I have to make a Java program which finds all repeating sub-strings of length n in a given String. The input is string is extremely long and a brute-force approach takes too much time.
I alread tried:
Presently I am finding each sub-string separately and checking for repetitions of that sub-string using the KMP alogrithm. This too is taking too much time.
What is a more efficient approach for this problem?
I am going to take @peter.petrov's suggestion and enhance it by explaining how can one actually use a suffix tree to solve the problem:
1. Create a suffix tree from the string, let it be `T`.
2. Find all nodes of depth `n` in the tree, let that set of nodes be `S`. This can be done using DFS, for example.
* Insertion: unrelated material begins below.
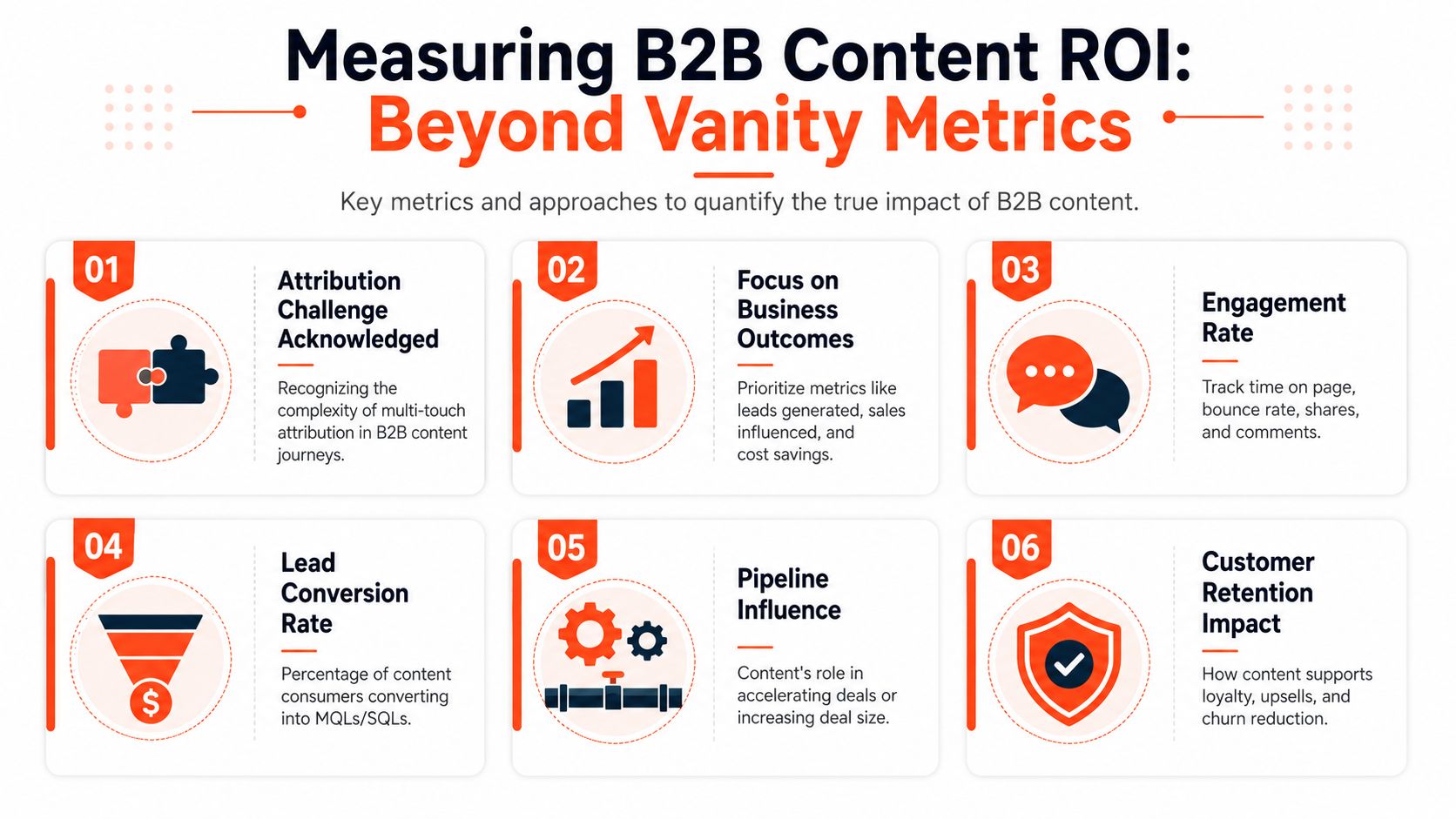 An infographic titled Measuring B2B Content ROI, outlining six key strategies for measuring effective B2B content performance.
3. For each node `n` in `S`, do the following:
3.1. Do a DFS, and count the number of terminals `n` leads to. Let this number be `count`
3.2. If `count>1`, yield the substring that is related to `n` (the path from root to `n`), and `count`
Note that this algorithm treats any substring of length n
and add it to the set S
, and from there it search for how many times this was actually a substring by counting the number of terminals this substring leads to.
This means that the complexity of the problem is O(Creation + Traversal)
- meaning, you first create the tree and then you traverse it (easy to see you don't traverse in steps 2-3 each node in the tree more than once). Since the traversal is obviously "faster" than creation of the tree - it leaves you with O(Creation)
, which as was pointed by @perer.petrov is O(|S|)
or O(|S|log|S|)
depending on your algorithm of choice.